__Problem__. Nothing below is to be printed except the lines between the line holding "NHS COVID-19 Vaccination Card. Stock Photo" and the line holding "crowd from truck", inclusive, each exactly as it appears.

__Input data__.
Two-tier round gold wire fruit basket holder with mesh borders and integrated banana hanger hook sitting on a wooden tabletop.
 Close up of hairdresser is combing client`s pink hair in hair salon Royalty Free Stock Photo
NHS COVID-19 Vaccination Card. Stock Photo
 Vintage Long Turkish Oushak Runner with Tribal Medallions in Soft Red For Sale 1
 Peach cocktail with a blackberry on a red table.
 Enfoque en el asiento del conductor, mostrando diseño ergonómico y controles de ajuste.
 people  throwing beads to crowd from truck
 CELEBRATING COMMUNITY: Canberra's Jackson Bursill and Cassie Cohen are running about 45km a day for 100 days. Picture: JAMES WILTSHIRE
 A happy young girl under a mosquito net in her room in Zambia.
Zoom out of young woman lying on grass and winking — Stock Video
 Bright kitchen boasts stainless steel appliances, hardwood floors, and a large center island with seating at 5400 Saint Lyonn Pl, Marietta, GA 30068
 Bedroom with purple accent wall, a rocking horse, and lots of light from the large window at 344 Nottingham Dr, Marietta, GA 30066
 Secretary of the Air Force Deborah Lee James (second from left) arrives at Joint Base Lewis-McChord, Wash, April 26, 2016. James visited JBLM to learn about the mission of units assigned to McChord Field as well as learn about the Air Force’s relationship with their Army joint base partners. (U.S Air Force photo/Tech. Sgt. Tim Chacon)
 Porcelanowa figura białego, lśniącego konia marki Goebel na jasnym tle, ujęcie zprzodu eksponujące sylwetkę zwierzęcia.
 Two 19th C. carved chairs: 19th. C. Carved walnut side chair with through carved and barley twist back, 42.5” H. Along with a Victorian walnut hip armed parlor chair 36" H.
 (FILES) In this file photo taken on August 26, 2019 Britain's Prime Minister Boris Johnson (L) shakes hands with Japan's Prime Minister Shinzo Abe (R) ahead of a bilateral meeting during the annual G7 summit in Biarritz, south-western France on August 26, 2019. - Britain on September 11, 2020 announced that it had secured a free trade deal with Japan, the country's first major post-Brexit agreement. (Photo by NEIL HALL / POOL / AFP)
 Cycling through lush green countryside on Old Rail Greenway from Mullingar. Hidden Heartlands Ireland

__Task result__.
NHS COVID-19 Vaccination Card. Stock Photo
 Vintage Long Turkish Oushak Runner with Tribal Medallions in Soft Red For Sale 1
 Peach cocktail with a blackberry on a red table.
 Enfoque en el asiento del conductor, mostrando diseño ergonómico y controles de ajuste.
 people  throwing beads to crowd from truck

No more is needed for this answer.